Could you output the listing that follows exactly, without its images?

===== Provided material

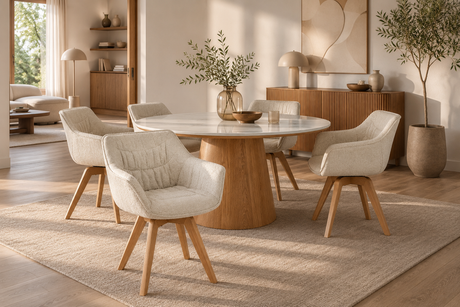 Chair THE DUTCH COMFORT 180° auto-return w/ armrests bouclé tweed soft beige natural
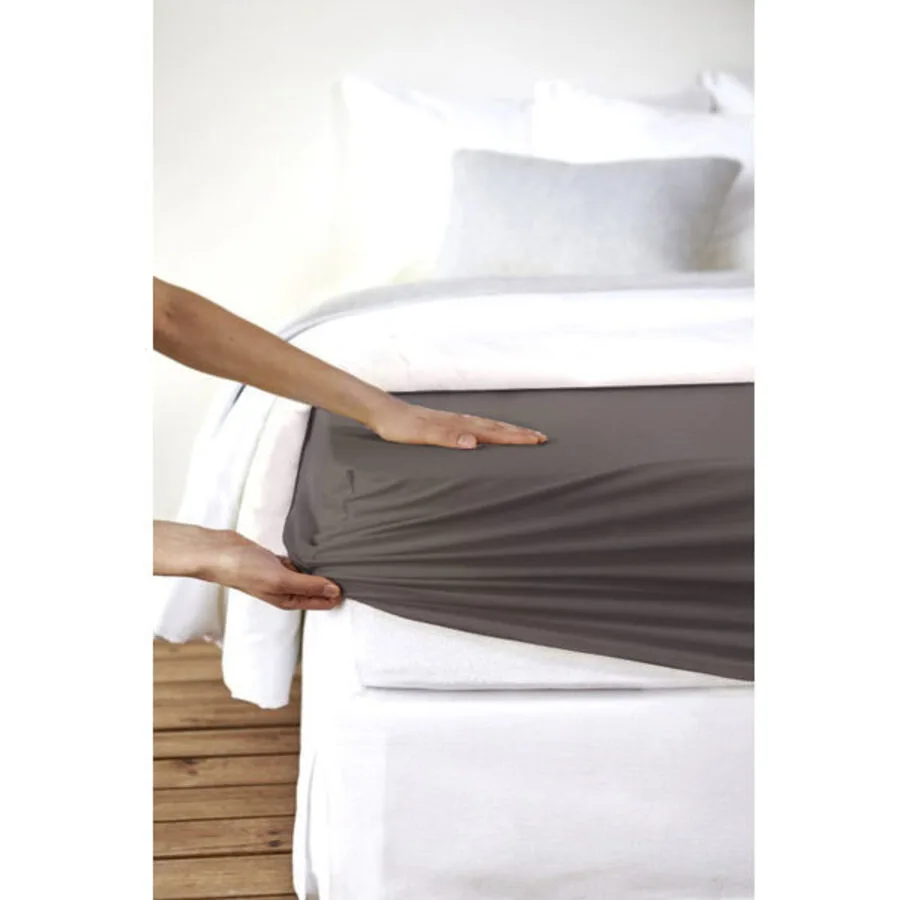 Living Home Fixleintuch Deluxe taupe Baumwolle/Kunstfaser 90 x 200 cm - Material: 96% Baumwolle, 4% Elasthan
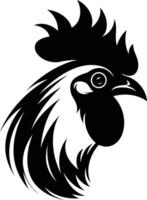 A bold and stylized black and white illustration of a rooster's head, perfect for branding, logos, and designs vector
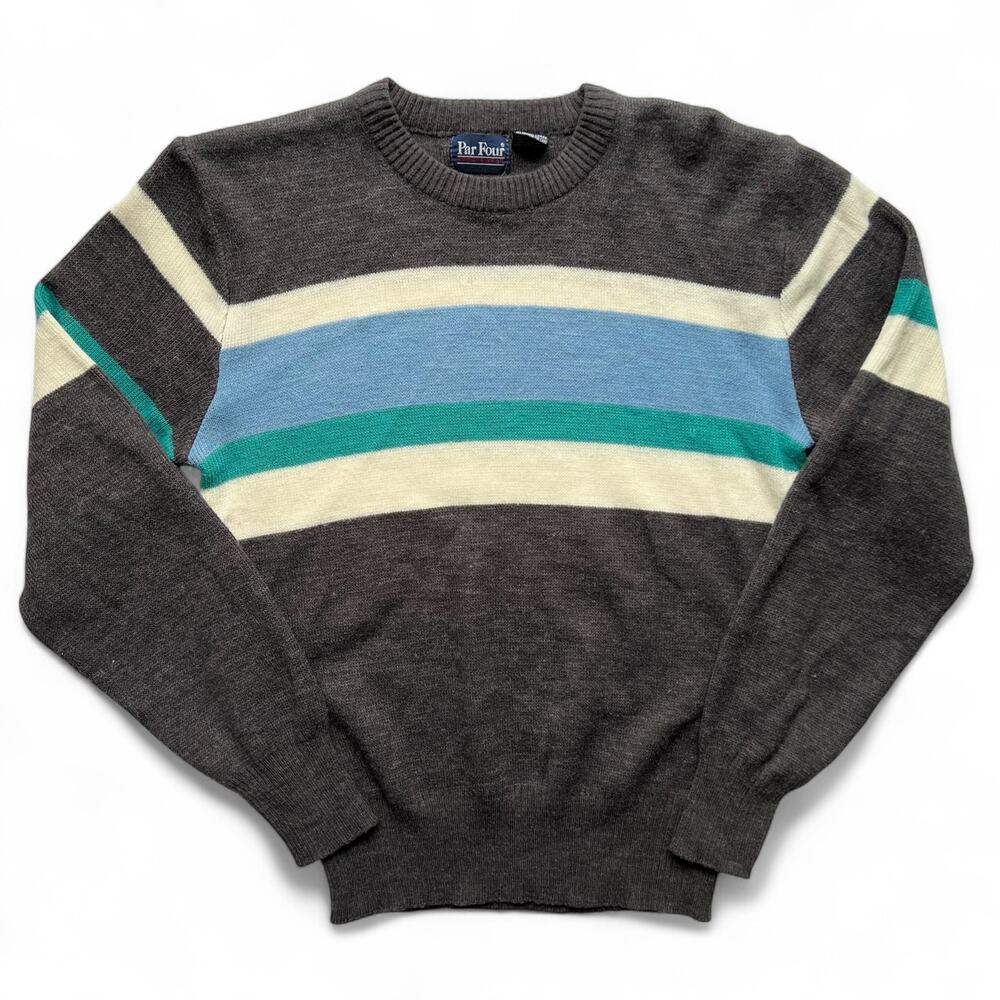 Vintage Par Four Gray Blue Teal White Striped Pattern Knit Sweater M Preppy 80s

==========

▶ _Result of this task_
 Chair THE DUTCH COMFORT 180° auto-return w/ armrests bouclé tweed soft beige natural
 Living Home Fixleintuch Deluxe taupe Baumwolle/Kunstfaser 90 x 200 cm - Material: 96% Baumwolle, 4% Elasthan
 A bold and stylized black and white illustration of a rooster's head, perfect for branding, logos, and designs vector
 Vintage Par Four Gray Blue Teal White Striped Pattern Knit Sweater M Preppy 80s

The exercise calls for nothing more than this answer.